A partir de la aprobación de la Ley de Paridad de Género en Ámbitos de Representación Política en 2017, surgieron proyectos de cupo femenino: electorales, sindicales, en los medios de comunicación y hasta en las sociedades anónimas. El gobierno peronista, y antes el macrismo, los tolera o los promueve, según el caso, para revestir con un mínimo de equidad algunos ámbitos, a sabiendas de que un cambio en su composición de género no modifica su ADN opresivo. Claro que, sobre las cosas importantes, evita cualquier cambio: posterga el derecho al aborto legal, seguro y gratuito porque la libertad de las mujeres, para los Estados, es intolerable. Teniendo en cuenta esto, es útil la siguiente pregunta: ¿es la paridad sinónimo de libertad femenina?
Hace dos siglos, a muchas pioneras del feminismo las animó una exigencia profunda: rehabilitar la integridad humana de todo un género, el femenino, denostado por su supuesta inferioridad. Las enseñanzas difundidas de Santo Tomás de Aquino sobre la procreación como la “única utilidad femenina” no distaban mucho del pensamiento laico y jacobino de Robespierre al considerar a las mujeres “poco capaces para ideas elevadas”. Más cerca en el tiempo, todas las democracias se consolidaban excluyendo a las mujeres por tener un “cerebro más pequeño” y se popularizaba la supuesta “envidia femenina del pene” del estafador Freud. Estos mitos patriarcales –aunque en crisis– continúan vigentes, y se reinventan en quienes reducen a las mujeres a meros “cuerpos gestantes”.
Descubrir la integridad femenina
fue y es un camino tan apasionante como contradictorio, inseparable de
pensar y afirmar la dignidad humana. Hasta ahora, batirse por defender la verdadera humanidad común entre
hombres y mujeres significó
subestimar las diferenciaciones de
género – propiamente humanas– ponderando la “igualdad”; luchar contra una
injusta y brutal discriminación significó medir las capacidades femeninas en el terreno de los opresores; conquistar derechos elementales sufriendo los embates
estatales fue de la mano de cultivar
esperanzas en sus instituciones. En
lugar de reconocer las potencialidades
femeninas y el bien que representan para todas y todos y, por
lo tanto, buscar caminos
independientes y alternativos al patriarcado para desplegarlas
con las/os otras/os, la mayoría de las corrientes feministas se obsesionaron
con la “paridad”, que se transformó en el horizonte insuperable.

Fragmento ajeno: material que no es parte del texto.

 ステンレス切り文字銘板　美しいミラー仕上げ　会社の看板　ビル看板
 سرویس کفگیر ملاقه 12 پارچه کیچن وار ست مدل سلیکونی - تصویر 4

Con resistencias, el patriarcado se va adaptando para conservar su dominio. Hoy en día, algunas mujeres pueden ser militares, empresarias, cabezas de organismos criminales como el FMI, presidentas y legisladoras. Sin embargo, aspirar a poder explotar igual que los patrones, dirigir guerras, encarnar el racismo de los Estados o vivir la sexualidad “consumiendo” personas no rehabilita nuestra humanidad, sino que la envilece. Vivimos tiempos muy diversos a los de nuestras antecesoras, atravesados por una emersión femenina mundial en la cual millones de mujeres se expresan exigiendo respeto, dignidad y libertad. Por ello, los desafíos son más grandes y hay nuevas posibilidades. Afirmar la integridad femenina puede comenzar por delinear un camino a la medida de nuestras propias exigencias de una vida mejor, más libre, justa y bella, más segura para nosotras y para todos, eligiendo ser radicalmente diferentes a quien oprime.